Structure versus hydrolytic and thermal stability of bio-based thermoplastic polyurethane elastomers composed of hard and soft building blocks with high content of green carbon

Abstract

AbstractNowadays, sustainability plays a key role in the design and synthesis of new materials. One of the methods for the preparation of green materials is incorporation into their structure the monomers with a high content of green carbon. Therefore, the aim of this work was to investigate the influence of the type and molecular mass of two bio-based polyester polyols and bio-glycol on the properties of aliphatic partially bio-based thermoplastic polyurethane elastomers (bio-TPU). Two series of bio-TPUs materials composed of hard and soft building blocks with high green carbon content were prepared via the two-step method (prepolymer method).

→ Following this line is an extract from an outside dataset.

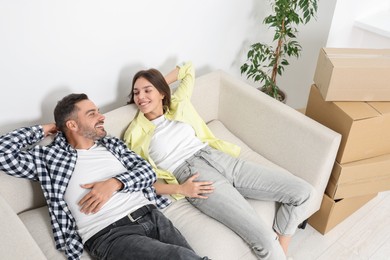 Photo of Happy couple resting on sofa in new apartment. Moving day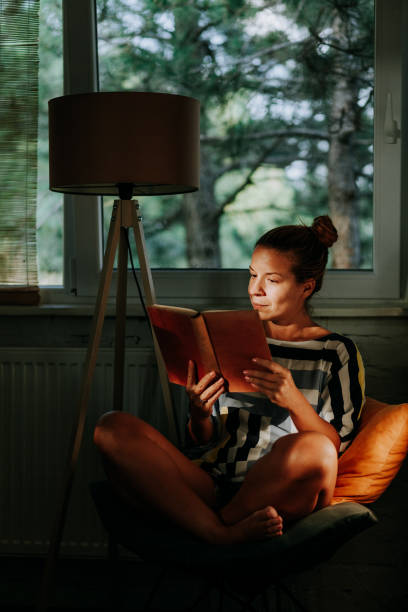istock Young woman reading a book at home by the window 1055479728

Two amorphous bio-based polyester polyols with the molecular mass ~ 2000 (P1) and ~ 3000 (P2) were used. Bio-TPUs were prepared at three different molar ratio of [NCO]/[OH]: 0.9, 0.95, and 1.0. In order to determine the influence of bio-based polyols and the content of hard segments on the properties of bio-TPU, relevant test methods were used. The Fourier transform infrared spectroscopy (FTIR), differential scanning calorimetry (DSC), and thermogravimetry (TG) revealed hydrolytic and thermal stability of bio-TPUs. Viscoelastic behavior, mechanical and physical properties were examined in terms of dynamic mechanical thermal analysis (DMTA), tensile test, hardness, and density. Analysis of the measurement results confirmed the significant influence of the molecular mass of the bio-based polyols and the molar ratio of [NCO]/[OH] on the bio-TPUs properties. Due to good mechanical properties, low density, and thermal stability up to 300 °C, the obtained materials can find many useful applications. This issue is essential in terms of sustainable development and reduction in the CO2 emissions to the atmosphere.